Monsieur le président de la République,
Le 7 avril 1987, un tueur venu d’Alger a assassiné mon mari, l’avocat Ali Mécili.
Ali s’appelait aussi André. Il était français et algérien à la fois par l’effet d’une histoire douloureuse liant deux peuples de la Méditerranée. De cette double appartenance, il a fait une force au service de la lutte qu’il a menée aux côtés de Hocine Aït-Ahmed pour le respect des droits de l’homme et pour l’instauration de la démocratie en Algérie.
Interpellé dès le mois de juin 1987, son assassin présumé, trouvé porteur d’un ordre de mission de la sécurité militaire algérienne, a été expulsé en urgence absolue en Algérie et ainsi soustrait à la justice française.
En d’autres temps, sous la présidence du général De Gaulle, l’assassinat d’un opposant politique marocain, Mehdi Ben Barka, à tout le moins, donna lieu à un procès le 17 avril 1967 et à la condamnation par contumace du général marocain Mohamed Oufkir.
Pour Mécili, rien de tel, mais un lourd silence de vingt ans et une impunité assurée jusqu’à ce mois de décembre 2007 où le juge d’instruction en charge de l’affaire délivra des mandats d’arrêts internationaux et où la justice parut reprendre son cours.
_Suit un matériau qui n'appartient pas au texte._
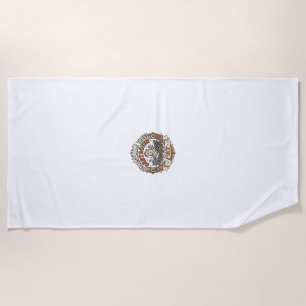 Christmas Tree Destroyer Cat Christmas Tree Destro Beach Towel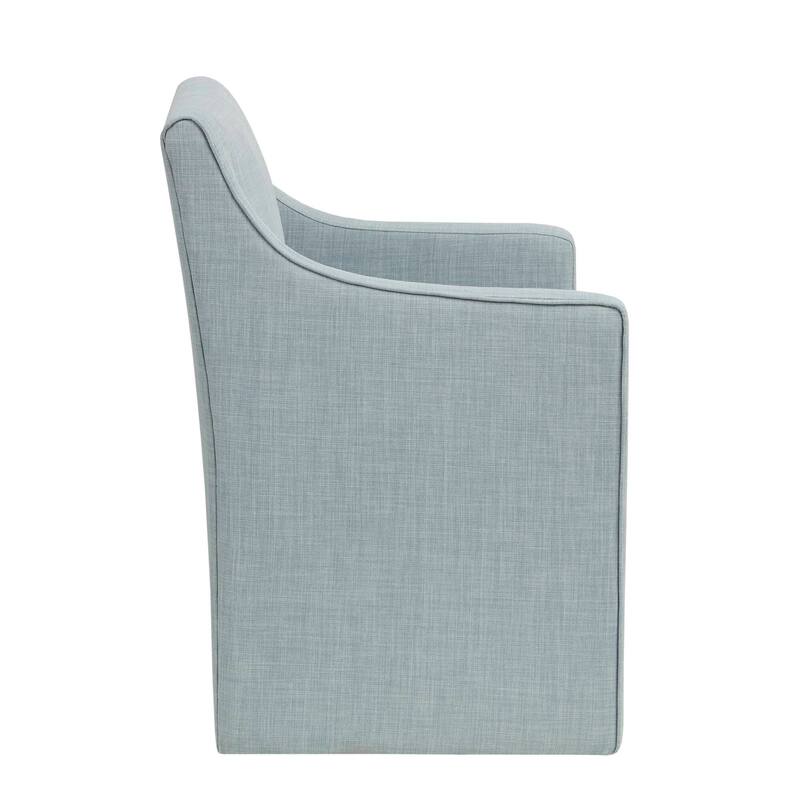 1 Piece Fabric Armrest Dining Chair Seat Sofa w/ Hidden Mobile Casters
C’est ainsi qu’au mois d’août 2008 fut interpellé et mis en examen celui qui aurait été l’organisateur de l’assassinat. Depuis, ce dernier crie à l’erreur d’identité tout en refusant de se soumettre aux expertises génétiques et graphologiques et d’apporter ainsi la preuve de ce qu’il avance.
La journée du mardi 14 octobre sera décisive : c’est en effet à cette date que les magistrats de la chambre d’instruction de la Cour d’appel de Paris décideront de suivre les réquisitions du parquet général favorable à l’annulation de la mise en examen ou se prononceront pour la poursuite de l’instruction afin qu’il soit permis de faire enfin la lumière sur cette affaire.
Aujourd’hui, monsieur le président de la République, je veux croire que tout sera fait pour que justice puisse être rendue. Lors de l’élection présidentielle vous avez déclaré que vous veilleriez à l’indépendance de la justice et je ne peux douter de votre engagement à promouvoir les libertés et les droits de l’homme. Vous avez eu, à cet égard, des paroles fortes lors d’un discours prononcé le 28 février 2007 :
« Je ne prétends pas que la seule évocation des droits de l’homme puisse constituer le socle d’une politique étrangère. Mais valeurs et intérêts, en réalité, se rejoignent (…). L’histoire montre que le sacrifice des valeurs au nom d’intérêts à court terme ou d’une stabilité d’apparence n’engendre que la frustration, le désespoir et la violence. »
Il est clair, monsieur le président de la République, que «le grand rêve méditerranéen de fraternité» auquel vous avez appelé lors de votre discours à Constantine au mois de décembre dernier ne pourra se réaliser tant que la raison des Etats se dressera contre la raison des citoyens, contre celle des peuples.
Je vous remercie de l’attention que vous porterez à ma lettre et vous prie de croire en l’expression de ma très haute considération.